Some context first. Suppose one has a regression $y_t = \gamma + \rho y_{t-1} + \varepsilon_t$, and wants to test the two-tailed hypothesis $\rho = \rho_0$ by the bootstrap. To do this, one first estimates the regression by, say, OLS, and then uses the obtained residuals $\hat \varepsilon_t$ and coefficients $\hat \gamma, \; \hat \rho$ for constructing the bootstrap samples. However, in this case, the bootstrap sample has to be constructed recursively. What is even worse for the computations, I have to repeat these calculations many times using different simulated data sets and different values of $\rho$. (The reason is that this allows one to get some sense of the empirical level of the test at different values of $\rho$.)
So far I have been doing it in the naive way of just estimating many regressions, generating the bootstrap samples, and so on. I was able to eliminate quite a few loops by using the filter function when generating bootstrap samples but still computational times are quite huge. I compared it with the built-in bootstrap in gretl, and it is many times slower. (I'm aware that gretl is written in C, but I sense that there is more to this than that.)

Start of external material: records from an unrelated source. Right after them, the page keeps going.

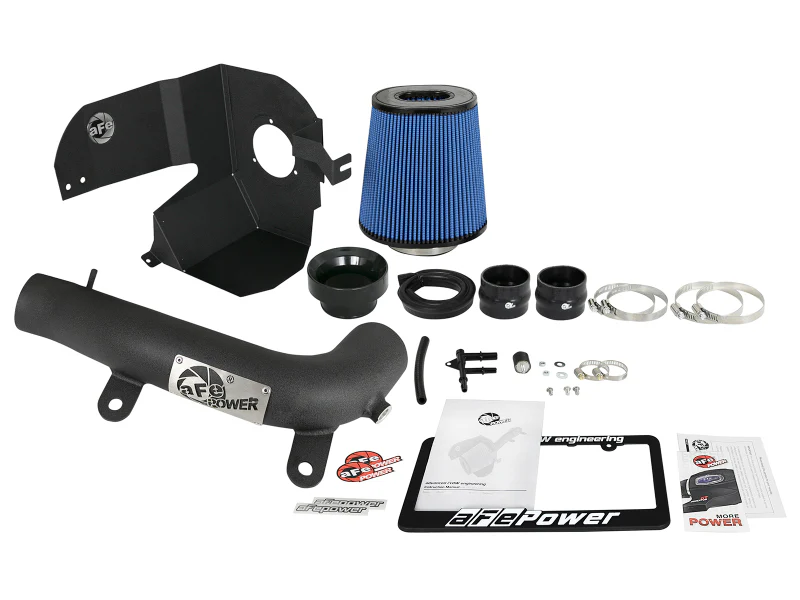 aFe Magnum FORCE Stage-2 Pro 5R Cold Air Intake System 18-19 Jeep Wrangler JL Turbo 2.0L - Black - Image 2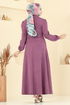 Dress 9162PLK541-MS Dark Rose Dusky - Thumbnail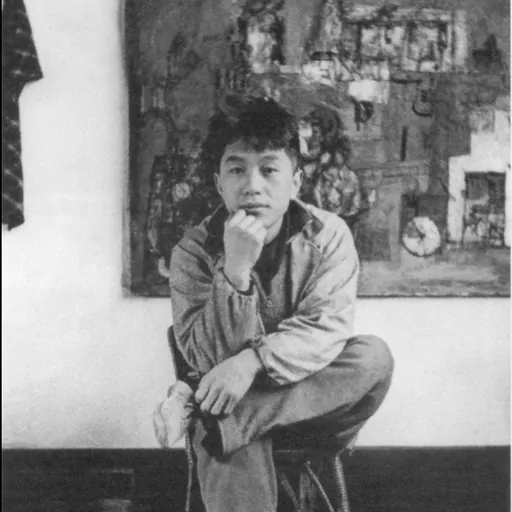 Portrait of Shunsuke Matsumoto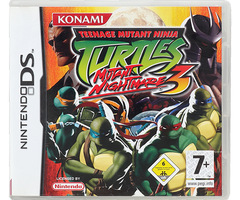 ニンテンドーDS - DS★TEENAGE MUTANT NINJA TURTLES 3 MUTANT Amazon | Teenage Mutant Ninja Turtles 3: Mutant Nightmare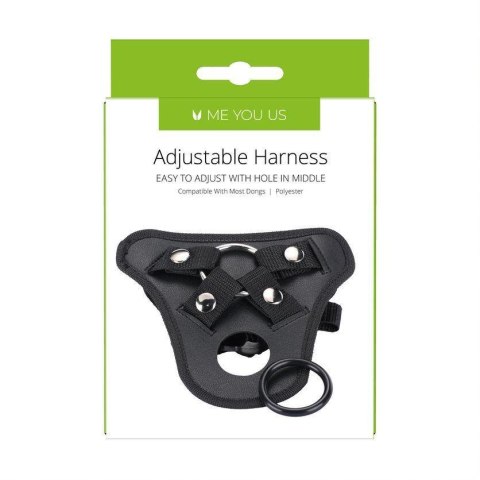 Me You Us Black Adjustable Harness Me You Us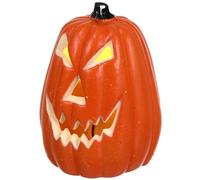 Cabilock 2 Pcs Light up Pumpkin Lanterns Led Decorative Pumpkins Halloween Battery Operated Indoor Outdoor Garden Decor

Hence, my question would be: what general advice could you give to implement bootstrapping efficiently in a matrix based language? Are there some smart ways to avoid estimation of many OLS regressions and generation of the bootstrap samples? Although I'm using Matlab for the computations, but if you have some general advice on say, doing this with R, all the help would be very much appreciated. Also, since this is a homework assignment I have to do, using existing libraries is not really an option. :)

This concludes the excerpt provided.